— What to produce —
The lines to return are the one containing "Christmas Tree Black" and all that follow it in the entries below, duplicated exactly and nothing else.

— Items from a dataset —
§
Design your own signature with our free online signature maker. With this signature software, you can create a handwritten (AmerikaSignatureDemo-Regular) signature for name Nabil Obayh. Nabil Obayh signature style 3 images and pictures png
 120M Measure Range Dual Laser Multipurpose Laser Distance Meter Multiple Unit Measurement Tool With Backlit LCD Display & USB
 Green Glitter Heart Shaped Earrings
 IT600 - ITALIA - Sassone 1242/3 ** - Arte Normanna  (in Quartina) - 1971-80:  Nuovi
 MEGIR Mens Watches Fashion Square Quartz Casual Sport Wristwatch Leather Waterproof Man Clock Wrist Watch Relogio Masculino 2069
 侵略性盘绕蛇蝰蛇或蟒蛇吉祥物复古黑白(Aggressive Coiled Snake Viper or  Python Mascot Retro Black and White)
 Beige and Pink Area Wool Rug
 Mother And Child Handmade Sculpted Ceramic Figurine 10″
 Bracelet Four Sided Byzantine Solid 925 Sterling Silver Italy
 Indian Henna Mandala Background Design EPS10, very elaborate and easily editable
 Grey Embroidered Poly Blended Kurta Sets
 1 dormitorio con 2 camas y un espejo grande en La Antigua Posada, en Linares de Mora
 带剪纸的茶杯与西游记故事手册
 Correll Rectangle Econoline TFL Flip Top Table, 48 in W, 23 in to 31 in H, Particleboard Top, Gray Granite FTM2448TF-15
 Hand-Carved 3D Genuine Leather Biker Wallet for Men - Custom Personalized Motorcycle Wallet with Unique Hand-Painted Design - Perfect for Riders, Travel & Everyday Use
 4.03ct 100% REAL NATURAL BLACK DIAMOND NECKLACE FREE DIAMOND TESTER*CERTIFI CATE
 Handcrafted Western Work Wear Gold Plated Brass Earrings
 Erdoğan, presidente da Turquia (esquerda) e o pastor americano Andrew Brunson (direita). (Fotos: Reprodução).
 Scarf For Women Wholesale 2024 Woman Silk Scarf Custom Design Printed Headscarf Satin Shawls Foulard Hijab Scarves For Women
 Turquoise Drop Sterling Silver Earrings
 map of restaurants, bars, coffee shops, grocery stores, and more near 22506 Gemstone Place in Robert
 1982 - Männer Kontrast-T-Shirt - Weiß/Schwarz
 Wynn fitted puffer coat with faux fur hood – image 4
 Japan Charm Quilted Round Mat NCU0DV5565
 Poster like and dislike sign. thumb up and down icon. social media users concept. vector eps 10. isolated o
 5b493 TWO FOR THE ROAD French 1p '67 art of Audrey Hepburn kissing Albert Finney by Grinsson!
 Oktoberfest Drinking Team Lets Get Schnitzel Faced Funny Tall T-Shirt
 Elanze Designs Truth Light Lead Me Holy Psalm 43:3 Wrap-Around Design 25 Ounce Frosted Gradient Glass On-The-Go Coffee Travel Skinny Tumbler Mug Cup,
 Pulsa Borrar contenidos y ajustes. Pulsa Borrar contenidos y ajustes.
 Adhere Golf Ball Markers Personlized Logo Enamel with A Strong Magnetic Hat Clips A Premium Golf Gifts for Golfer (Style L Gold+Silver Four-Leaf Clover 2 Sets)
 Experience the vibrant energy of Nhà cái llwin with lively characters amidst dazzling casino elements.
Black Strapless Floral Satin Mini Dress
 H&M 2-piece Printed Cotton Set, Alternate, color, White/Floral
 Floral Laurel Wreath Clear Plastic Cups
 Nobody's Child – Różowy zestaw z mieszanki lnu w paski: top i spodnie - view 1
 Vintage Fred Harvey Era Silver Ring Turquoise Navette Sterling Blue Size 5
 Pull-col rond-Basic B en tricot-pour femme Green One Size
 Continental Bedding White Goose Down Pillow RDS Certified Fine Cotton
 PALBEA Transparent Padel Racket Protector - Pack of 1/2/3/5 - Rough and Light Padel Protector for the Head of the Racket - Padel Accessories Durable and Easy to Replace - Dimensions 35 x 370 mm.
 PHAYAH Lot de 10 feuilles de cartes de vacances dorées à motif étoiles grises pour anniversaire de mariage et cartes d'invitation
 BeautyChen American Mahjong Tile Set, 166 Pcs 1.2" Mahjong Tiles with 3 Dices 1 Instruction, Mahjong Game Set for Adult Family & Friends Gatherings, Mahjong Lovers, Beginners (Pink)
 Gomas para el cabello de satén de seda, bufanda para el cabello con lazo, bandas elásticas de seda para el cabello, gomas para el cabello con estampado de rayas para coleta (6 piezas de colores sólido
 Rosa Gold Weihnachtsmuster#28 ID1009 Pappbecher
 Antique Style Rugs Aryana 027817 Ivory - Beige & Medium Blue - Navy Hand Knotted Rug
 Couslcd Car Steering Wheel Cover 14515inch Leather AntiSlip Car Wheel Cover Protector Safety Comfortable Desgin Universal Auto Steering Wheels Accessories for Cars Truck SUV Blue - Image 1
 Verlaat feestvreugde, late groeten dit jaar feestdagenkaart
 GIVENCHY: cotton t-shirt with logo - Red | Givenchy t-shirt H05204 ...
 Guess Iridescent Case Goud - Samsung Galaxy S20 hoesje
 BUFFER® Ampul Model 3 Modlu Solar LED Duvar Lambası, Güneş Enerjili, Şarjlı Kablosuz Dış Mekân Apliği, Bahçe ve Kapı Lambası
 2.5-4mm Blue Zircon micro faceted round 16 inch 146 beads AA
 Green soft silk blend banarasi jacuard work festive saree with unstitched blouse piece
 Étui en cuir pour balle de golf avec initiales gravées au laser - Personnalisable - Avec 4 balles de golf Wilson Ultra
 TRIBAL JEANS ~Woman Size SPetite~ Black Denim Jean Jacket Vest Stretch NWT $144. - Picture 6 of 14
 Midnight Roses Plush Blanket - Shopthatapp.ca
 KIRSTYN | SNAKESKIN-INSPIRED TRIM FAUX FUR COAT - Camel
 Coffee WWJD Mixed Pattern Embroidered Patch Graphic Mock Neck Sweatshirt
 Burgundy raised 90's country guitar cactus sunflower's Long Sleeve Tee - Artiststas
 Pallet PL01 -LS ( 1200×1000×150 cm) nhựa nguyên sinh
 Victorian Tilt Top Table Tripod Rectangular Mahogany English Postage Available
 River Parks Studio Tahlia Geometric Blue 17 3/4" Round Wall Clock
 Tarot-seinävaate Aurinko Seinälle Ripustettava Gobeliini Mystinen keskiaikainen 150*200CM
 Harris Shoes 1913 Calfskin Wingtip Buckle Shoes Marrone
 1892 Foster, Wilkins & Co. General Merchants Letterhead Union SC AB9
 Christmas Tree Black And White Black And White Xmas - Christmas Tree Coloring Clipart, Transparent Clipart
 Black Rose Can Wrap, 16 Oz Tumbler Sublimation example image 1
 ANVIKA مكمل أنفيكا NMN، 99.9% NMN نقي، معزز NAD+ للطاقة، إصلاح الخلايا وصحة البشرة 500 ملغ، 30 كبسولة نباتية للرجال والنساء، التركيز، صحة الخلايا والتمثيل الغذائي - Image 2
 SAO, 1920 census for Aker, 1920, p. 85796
§
— Result —
 Christmas Tree Black And White Black And White Xmas - Christmas Tree Coloring Clipart, Transparent Clipart
 Black Rose Can Wrap, 16 Oz Tumbler Sublimation example image 1
 ANVIKA مكمل أنفيكا NMN، 99.9% NMN نقي، معزز NAD+ للطاقة، إصلاح الخلايا وصحة البشرة 500 ملغ، 30 كبسولة نباتية للرجال والنساء، التركيز، صحة الخلايا والتمثيل الغذائي - Image 2
 SAO, 1920 census for Aker, 1920, p. 85796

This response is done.